- Born: 1929 Cincinnati, Ohio, U.S.
- Died: February 4, 2012 (aged 82–83) Sarasota, Florida, U.S.
- Education: Amherst College (BA) University of Wisconsin (PhD)
- Scientific career
- Fields: Organic chemistry
- Workplaces: University of Michigan, California Institute of Technology, University of Virginia
- Doctoral advisor: William Summer Johnson
- Other academic advisors: William Gould Young
- Doctoral students: David A. Evans
- Other notable students: Peter Wipf

= Robert E. Ireland =

American organic chemist

Robert E. Ireland (1929 – February 4, 2012) was an American chemist and the Thomas Jefferson Chair Professor of chemistry at the University of Virginia. He is known for his textbook Organic Synthesis and his contributions to the Ireland–Claisen rearrangement chemical reaction.

==Academic career==
Ireland earned his A.B. in chemistry in 1951 at Amherst College and earned his Ph.D. in chemistry in 1954 from the University of Wisconsin with William Summer Johnson, and did his postdoctoral work at UCLA with William Gould Young.

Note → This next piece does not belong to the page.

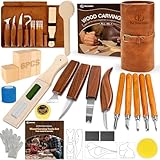 Wood Carving Kit, 32Pcs Wood Carving Tools with PU Storage Bag, Wood Whittling Knife Kit with 4pcs Templates & 11pcs Wood Carving Knives for Wood DIY Beginners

In 1956, he joined the chemistry department of University of Michigan. In 1965, he became a professor of organic chemistry at the California Institute of Technology. In 1985 he became the director of the Merrell Dow Research Institute in Strasbourg, France. A year later, he became the chair of the chemistry department of University of Virginia.

==Awards and honors==
- Ernest Guenther Award, 1977

==Personal life==
Ireland was married to wife Margaret at the time of his passing. He had two sons, Mark and Richard, with his first wife, Suzanne.